1934年冬,国民党浙江省政府招收一名速记员,同学们趋之若鹜,沈安娜却并不积极,想着去国民党机关伺候官僚还不如去拍进步电影。党的中央特科情报专员王学文,认为这是一个掌握国民党政府内幕情况的绝好机会,指示舒曰信和华明之好好启发沈安娜,抓住机会打入国民党浙江省政府,相机为党搜集情报。华明之跟她讲:“去浙江省政府担任速记员,就是参加革命!”沈安娜高兴地说:“真的么?只要是参加革命,我就去!”华明之、舒曰信看沈安娜初生牛犊不怕虎,提醒她打入国民党内部会有生命危险。沈安娜却镇定自若地说:“过去,徒有报国之心而无报国之门。今天报国有门了!我要革命,我不怕死!”
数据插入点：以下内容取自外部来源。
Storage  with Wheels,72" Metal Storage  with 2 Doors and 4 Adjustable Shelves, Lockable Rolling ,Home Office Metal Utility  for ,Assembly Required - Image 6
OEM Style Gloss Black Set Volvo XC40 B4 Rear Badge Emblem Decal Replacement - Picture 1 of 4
1935年初,沈安娜以每分钟200字的记录速度和一手清秀娟丽的毛笔字,成功考录国民党浙江省政府。为了让她在省政府站稳脚跟、安全隐蔽,王学文向其讲述了党的秘密情报工作的基本原则和做法:为党做秘密情报工作,要对党忠诚,不怕艰难困苦,不惜牺牲个人一切,甚至生命;严守机密,遵守纪律,除非领导指定的同志,一概不对任何人讲与秘密工作有关的事;要心里革命,但不能暴露进步思想,表面上要说国民党的话,做国民党的事,生活上要合乎他们的潮流;分清敌友,处理好亲疏关系,特别是要搞好和顶头上司的关系,对同事朋友要和气,对敌人要警惕;要不断提高速记技术、文化水平和在国民党机关的办事能力。
沈安娜牢记原则和方法并认真践行,不参加任何派系,也不议论机关里的人和事,留心观察各色人等,勤勤恳恳工作,恭恭敬敬待人。经过一段时间观察研究,她认定议事科科长薛元燕是个有学问的好人,不管写什么一定先请教科长,速记整理抄正之后都送科长阅改,还拜科长夫人做干亲。待人厚道的薛元燕,一有空闲就向她介绍机关里的人和事,还帮助她修改记录稿。后来,朱家骅出任省政府主席,没有后台的沈安娜也是在薛元燕的推荐下被继续留用和重用。凡是朱家骅主持的重要会议,都要叫她去速记,她以速记准确、字迹端正给朱家骅留下了深刻的印象。实践中,沈安娜逐步掌握了国民党机关的一般情况和办事规律,逐步积累了较为丰富的地下工作经验,陆续搜集到国民党对闽浙赣边区、皖浙赣边区和浙南地区的“清剿”计划,上交党组织。
假情侣变真夫妻
沈安娜最初既是情报员又是送情报的交通员。沈安娜最初传递情报的方法比较原始和简单:趁宿舍没人时,闩上门,拉好窗帘,用毛笔蘸着隐形药水,写在家信的背面或者空行之间。一听到脚步声,就马上收起药水和家信,拉开窗帘,打开门,就像什么事也没发生过。然而在宿舍密写情报并不十分安全,她险些被舍友发现真实身份。党组织出于安全考虑,王学文决定派遣华明之前往杭州指导和联络沈安娜。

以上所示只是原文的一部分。